In my time serving in the district I’ve seen more and more kids, through no fault of their own, growing up in homes where parents are struggling to make ends meet, often working two or three low-wage jobs just to keep a roof over their heads and food on the table.
Many of our students are first and second generation immigrants whose parents decided to raise them here because of the high-quality public education we’re capable of providing. Nearly 25% come to us through Schools-of-Choice because they like the atmosphere and personal care of a smaller district. But because of decades of disinvestment in public education made by our state legislature, especially over the past four years, we’re failing to deliver as hoped for each and every one of them.
State funding for our core academic programs has been cut in recent years and over the past 20 years has failed to keep up with rising costs due solely to inflation.
Kids in our district are hard working and capable of learning but they face greater barriers to success, often starting out two to four years behind in their education. And because many come with limited English language skills, they need more instructional time and specialized training for our teachers.
As I’ve stated, we know our students can be as successful as students in any other district, and we can help make sure that they are, but that’s much more difficult to do when Lansing continues to slash funding to our schools and perpetuate an inequitable funding system. It’s meant that class sizes have gotten substantially larger, but we don’t have the resources to reverse this. Class sizes in our elementary schools have gone from on average eighteen to twenty in a classroom to anywhere from 25 to 30. Two-thirds of our middle school this year could have upwards of 34 students in several of their classes.
This graph illustrates that results on state 3rd grade reading tests are correlated to the percentage of students growing up in poverty. The yellow circle represents Godfrey-Lee 3rd graders.
Additionally, our district has not been able to purchase new textbooks or replace outdated ones for the past seven years, nor are we able to provide even more high quality training and coaching for our teachers to help overcome the barriers of poverty and limited English proficiency. We’re not alone in being short-changed by our state legislators, as education funding has been cut in most other school districts across the state to a level that is inadequate to reach the lofty college and career readiness goals for every child.
We know beyond a doubt that when provided adequate and equitable resources to meet the needs of every student where they are at, they can be successful. Research by Rutgers University’s Bruce Baker has proven this point for a number of years and has singled out our school district for being one of the most unfairly financed districts in the country.
Godfrey-Lee is one a handful of districts in the country deemed unfairly funded by their states, and has been on this list since 2009. Baker, Bruce D. America’s Most Financially Disadvantaged School Districts and How They Got that Way: How State and Local Governance Causes School Funding Disparities. Appendix C. July 2014
We’ve proven the fact that school funding matters. Lee High School received a substantial federal school improvement grant that provided the instructional resources, additional learning time, additional teachers, as well as extensive staff training and coaching over a three-year period. During that time, the high school went from the bottom of the state’s Top-to-Bottom rankings all the way to performing better than 63 percent of schools in the state.

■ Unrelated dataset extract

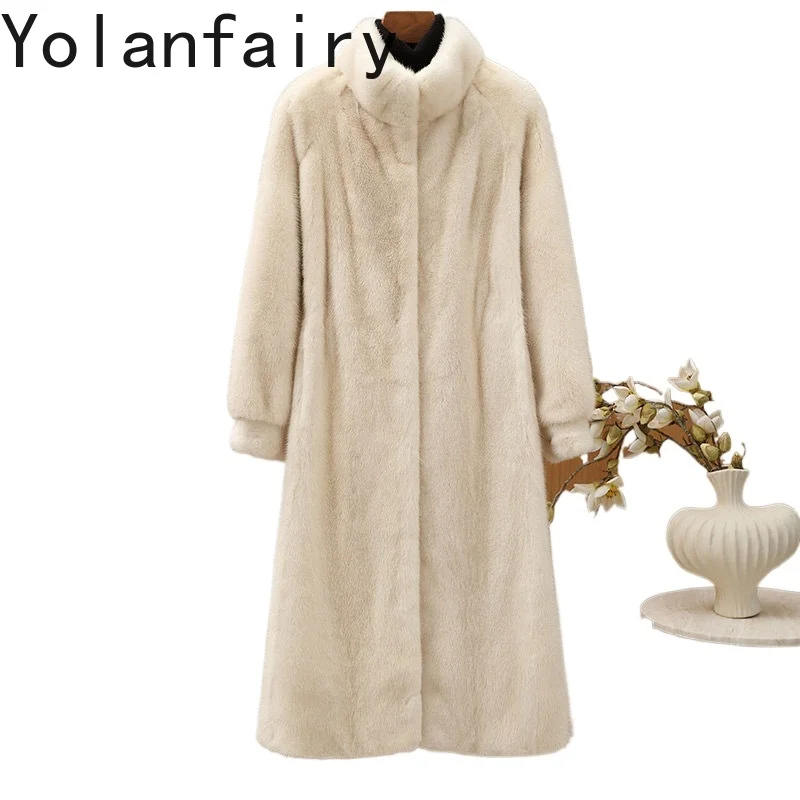 YOLANFAIRY Натуральная шуба из меха норки для женщин, роскошная зимняя элегантная шуба средней длины с воротником-стойкой, Abrigos Mujer
YOLANFAIRY Натуральная шуба из меха норки для женщин, роскошная зимняя элегантная шуба средней длины с воротником-стойкой, Abrigos Mujer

It was identified by MDE as a model for effectively using additional funding to close achievement gaps and elevate student learning. Those funds, which amounted to an additional $2,200 per student per year, were exhausted after three years and many resulting programs, particularly extended learning time, could not be sustained. Subsequently, the school slipped to the 11th percentile this past year.
Funding does matter, especially when it comes to providing equitable learning opportunities for kids. It’s time for our elected leaders to show they have the right priorities for our children’s future by making greater investments in our public schools. But beyond that, leaders in Lansing also need to prioritize allocating more aid to districts who are struggling with greater needs to ensure that every child in Michigan has the opportunity to succeed.